In a limited trial, a Danish group noted no beneficial effect rendered from early IVIg treatment in regard to post-H1N1 narcolepsy phenotype or hypocretin deficiency (64), yet immunological mechanisms are clearly considered instrumental to the onset of narcolepsy in genetically susceptible persons. In addition to this viral agent and its inoculation preparation, S pyogenes also seems to trigger onset narcolepsy such that ASO titers, if drawn, may reflect, by elevation, recent infectious exposure. The identification of autoantibodies to Tribbles homologue 2 in some patients with narcolepsy further supports an underlying autoimmune provocation (146). The discovery of the epitope, or antigenic determinant, is a major breakthrough toward the further upholding of an immune and probably autoimmune basis for the onset of the disease (45). Overall, the scientific evidence in support of a dysimmune process includes strong HLA associations, T-cell receptor polymorphisms, low CD40L levels and relative lymphopenia, elevated anti-Tribbles 2–specific antibodies, alteration of CSF cytokine profiles (39), reduced CSF beta-amyloid, seasonal association with extrinsic aggressors, and anti-Ma immunopathology, as well as the epitope discovery (66). Formally, however, based on the Witebsky criteria, narcolepsy does not yet qualify as an autoimmune disease in that actual autoantibodies have not been found to date (133). However, given the strong evidence toward the support of immunopathology (cross-auto-reactivity and molecular mimicry), earlier and stronger consideration of the administration of immunomodulatory agents is warranted, along with the establishment of an active surveillance system for swift recognition and safety monitoring (67).

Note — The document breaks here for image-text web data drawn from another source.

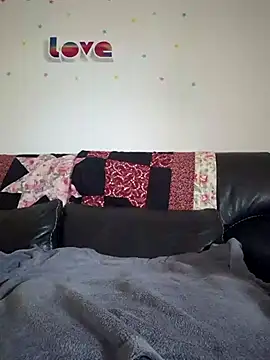 jourdinio13 online show from 11, 3, 2025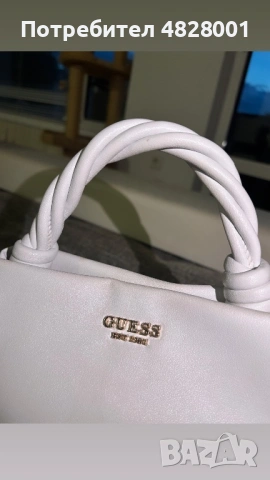 Оригинална чанта на Guess, снимка 4 - Чанти - 54572661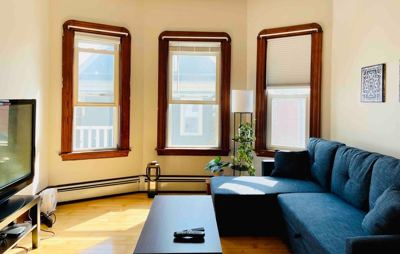 Airy Sunny Home. Large Space. Walk to Harvard 3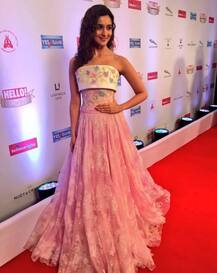 Hello! Hall of Fame Awards 2017: IN PICS- Alia, Katrina, Anushka & other Bollywood DIVAS at their GLAMOROUS BEST on the RED CARPET!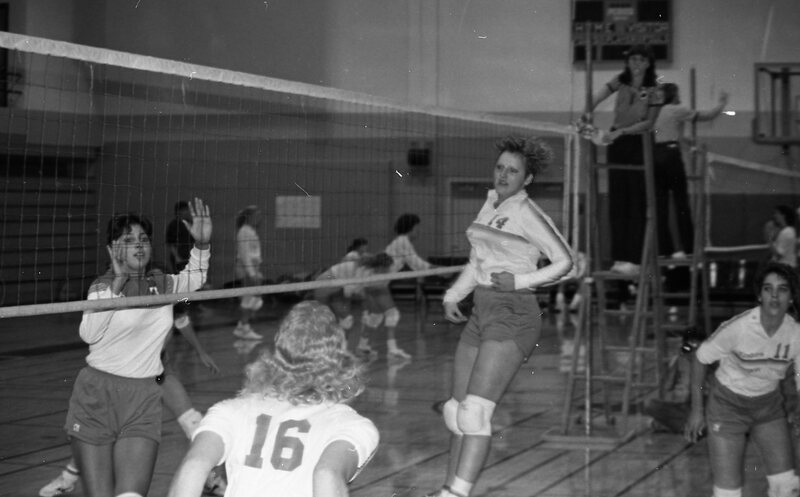 1984 Volleyball Action 16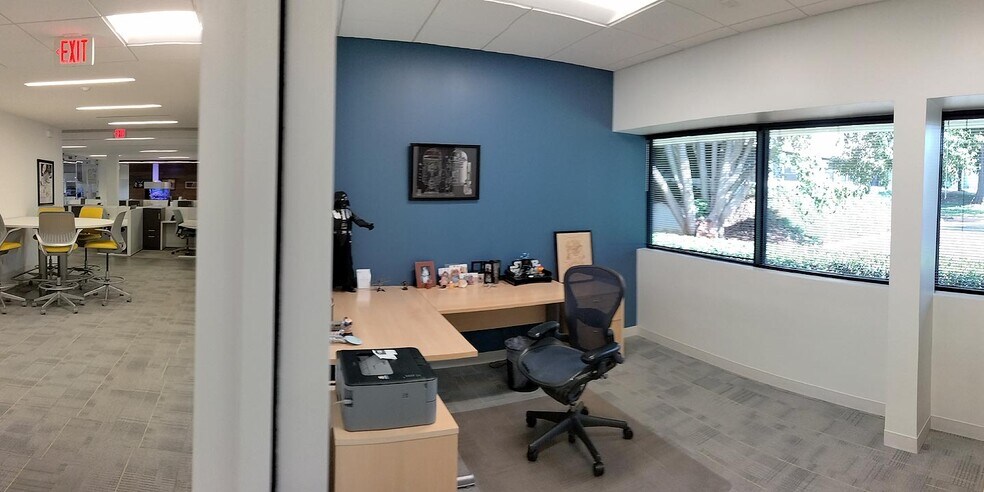 More Photos Of 421 Minuet Ln, Charlotte Office For Lease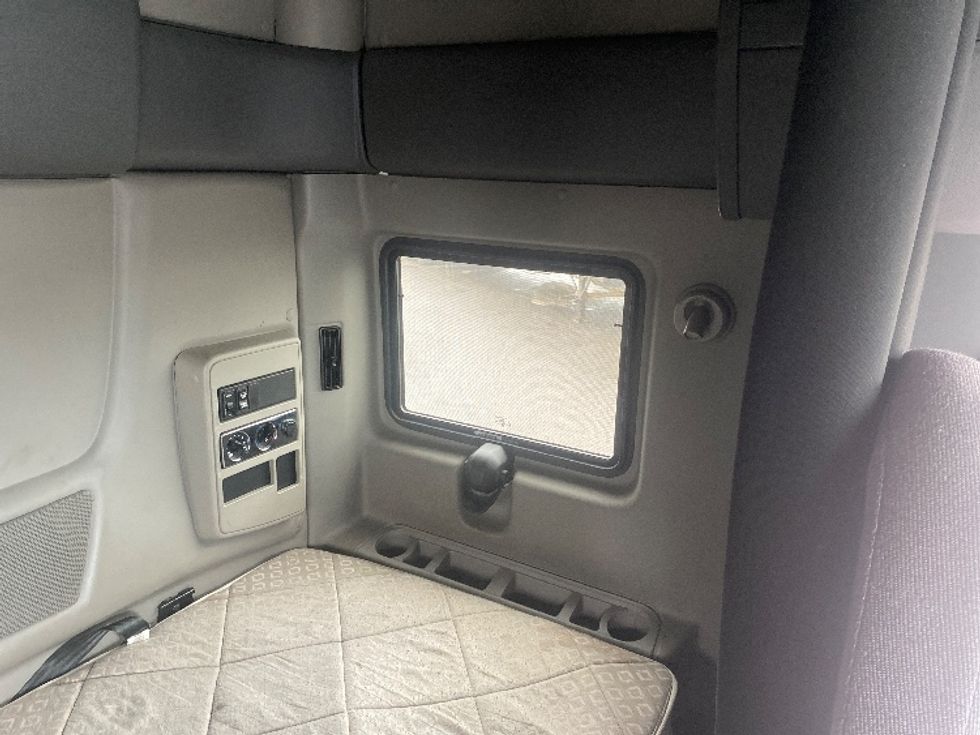 Sleeper Tractor-Heavy Duty Tractors-International-2021-LT625-Conklin-NY-433,997\n\t\tmiles-$ 59,750 - Image 18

Certain COVID-19-related developments in sleep-wake medicine are noteworthy. Moura documented both insomnia and excessive daytime sleepiness within the spectrum of complaints in long COVID syndrome (98). Beyond insomnia and feelings of nonrestorative sleep, Bhat’s group expanded “coronasomnia” to include disrupted sleep continuity and changes in the sleep cycle as well as decreased sleep quality arising due to stresses related to fear of the virus (18). Wu’s team speculated that the COVID-19 vaccine may potentially trigger the relapse of hypersomnia (thus, secondary) and that caution is warranted when administering the COVID-19 vaccine to patients with hypersomnia secondary to infection (152).

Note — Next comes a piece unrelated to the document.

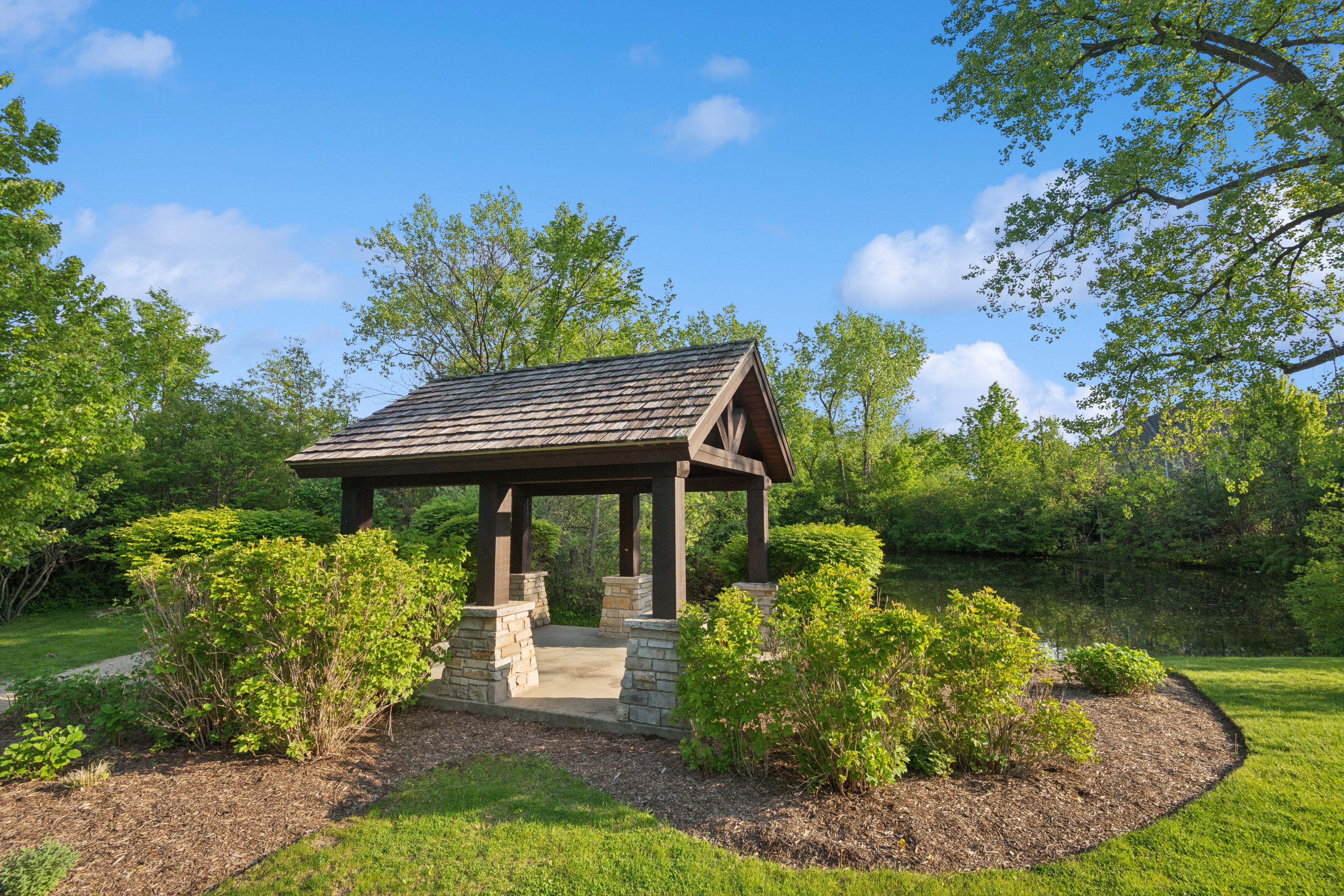  Exceptional Custom Shingle-style Residence - 物件實景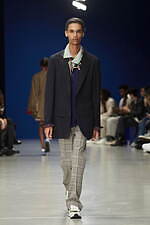 カラー 2023年春夏ウィメンズ＆メンズコレクション - わずかな歪みを内包し、順応するバランス｜写真26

Given the benefit of a decrease in social and professional constraints on sleep-wake habits during the imposed coronavirus lockdown, patients with either narcolepsy or idiopathic hypersomnia noted a reduction in their symptoms of central and neurologic hypersomnia (102). A freer napping schedule was appreciated. The reallocation of time usually spent commuting toward longer sleep time, hobbies, and family time was enjoyed. Advocacy efforts are aimed at facilitating workplace and schedule accommodations for this population.